Within an hour of my earnest decision never to smoke again, I began to itch for a smoke, and that powerful desire would never subside or fade. When the phone rang, when a visitor came to my office or home, when I ran into a momentary work problem, when I was at a party, even when I first opened my eyes in the morning—I thought of a cigarette. Contrary to the wonders promised to follow my emancipation from nicotine, I did not sleep better, my food did not taste better, my thoughts were not clearer, I did not feel more vigorous—I was, in essence, 165 pounds of body and mind almost exclusively devoted to thinking about the cigarette I wanted but could not have.

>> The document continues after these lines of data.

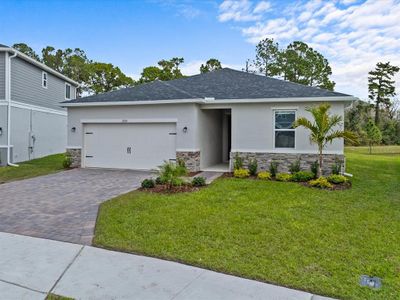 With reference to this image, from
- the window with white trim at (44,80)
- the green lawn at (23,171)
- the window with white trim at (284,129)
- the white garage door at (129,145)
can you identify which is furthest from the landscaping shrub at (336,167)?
the window with white trim at (44,80)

In the fine tradition of people who have given up smoking, I gained weight whenever I stopped. In order to substitute something for the cigarettes I craved, I chewed gum at the rate of about three packages a day (which, after all, added only 60 calories) and kept some gumdrops at my desk (but they’re only 30 calories each). And as a substitute activity during moments at the dinner table that might otherwise have been occupied by tapping a cigarette from the pack, lighting it, puffing it, flicking ashes from it, putting it in and taking it from the ashtray, and finally stubbing it out, I ate a little more bread than usual at lunch and dinner. (But those extra rolls and slices of toast and even the larger-than-usual desserts didn’t add more than 300 extra calories daily.)